每隔一段时间,update进程就会被唤醒,把数据往外设上同步一次,之后这个进程会被挂起,即被设置为可中断等待状态,等待着下一次被唤醒后继续执行,如此周而复始。
update进程执行后,没有同步任务,于是该进程被挂起,系统执行进程调度,最终切换到shell进程继续执行。
完成工作后调用exit()函数,对应的系统调用函数为sys_exit(),执行代码如下
int sys_exit(int error_code)
{
return do_exit((error_code&0xff)<<8);
}
int do_exit(long code)
{
int i;
free_page_tables(get_base(current->ldt[1]),get_limit(0x0f));
free_page_tables(get_base(current->ldt[2]),get_limit(0x17));
for (i=0 ; i<NR_TASKS ; i++)
if (task[i] && task[i]->father == current->pid) { //寻找子进程
task[i]->father = 1; //将子进程父进程设置为1
if (task[i]->state == TASK_ZOMBIE)
/* assumption task[1] is always init */
(void) send_sig(SIGCHLD, task[1], 1); //如果子进程为zombie,即已经调用了exit函数,给进程1发送信号。
}
for (i=0 ; i<NR_OPEN ; i++)
if (current->filp[i])
sys_close(i);
iput(current->pwd);
current->pwd=NULL;
iput(current->root);
current->root=NULL;
iput(current->executable);
current->executable=NULL;
if (current->leader && current->tty >= 0)
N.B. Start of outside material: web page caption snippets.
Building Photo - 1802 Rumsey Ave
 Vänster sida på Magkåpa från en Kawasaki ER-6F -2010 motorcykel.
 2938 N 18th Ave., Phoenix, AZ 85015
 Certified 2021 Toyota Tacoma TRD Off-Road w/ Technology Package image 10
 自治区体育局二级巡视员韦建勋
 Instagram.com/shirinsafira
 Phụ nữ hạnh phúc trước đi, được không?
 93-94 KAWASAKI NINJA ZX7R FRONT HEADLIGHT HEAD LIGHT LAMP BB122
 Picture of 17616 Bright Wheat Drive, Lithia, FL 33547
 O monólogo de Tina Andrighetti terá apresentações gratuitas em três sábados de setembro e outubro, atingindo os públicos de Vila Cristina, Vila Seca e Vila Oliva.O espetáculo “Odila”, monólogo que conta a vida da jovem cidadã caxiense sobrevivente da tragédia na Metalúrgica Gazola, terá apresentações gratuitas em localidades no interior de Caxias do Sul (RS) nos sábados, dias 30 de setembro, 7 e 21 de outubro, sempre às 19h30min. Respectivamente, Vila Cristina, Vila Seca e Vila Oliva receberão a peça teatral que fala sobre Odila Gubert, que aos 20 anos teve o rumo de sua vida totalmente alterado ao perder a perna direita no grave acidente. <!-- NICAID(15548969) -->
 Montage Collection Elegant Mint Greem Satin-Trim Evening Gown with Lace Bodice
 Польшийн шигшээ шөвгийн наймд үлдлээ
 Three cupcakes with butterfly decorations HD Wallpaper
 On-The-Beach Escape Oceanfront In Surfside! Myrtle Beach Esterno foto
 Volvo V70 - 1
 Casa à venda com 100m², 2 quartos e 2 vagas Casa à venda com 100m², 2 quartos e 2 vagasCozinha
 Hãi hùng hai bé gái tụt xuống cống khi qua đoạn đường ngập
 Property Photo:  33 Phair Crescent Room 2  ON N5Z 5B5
tty_table[current->tty].pgrp = 0;
if (last_task_used_math == current)
last_task_used_math = NULL;
if (current->leader)
kill_session();
current->state = TASK_ZOMBIE;
current->exit_code = code;
tell_father(current->father);
schedule();
return (-1); /* just to suppress warnings */
}
值得注意的是tell_father()和schedule()函数的执行,tell_father向父进程发送SIGCHLD信号
static void tell_father(int pid)
{
int i;
if (pid)
for (i=0;i<NR_TASKS;i++) {
if (!task[i])
continue;
if (task[i]->pid != pid)
continue;
task[i]->signal |= (1<<(SIGCHLD-1));
return;
}
/* if we don't find any fathers, we just release ourselves */
/* This is not really OK. Must change it to make father 1 */
printk("BAD BAD - no father found\n\r");
release(current);
}
tell_father()函数执行完毕后,调用schedule()函数准备进程切换。此次schedule()函数中对信号的检测,影响了进程切换
/*
* 'schedule()' is the scheduler function. This is GOOD CODE! There
* probably won't be any reason to change this, as it should work well
* in all circumstances (ie gives IO-bound processes good response etc).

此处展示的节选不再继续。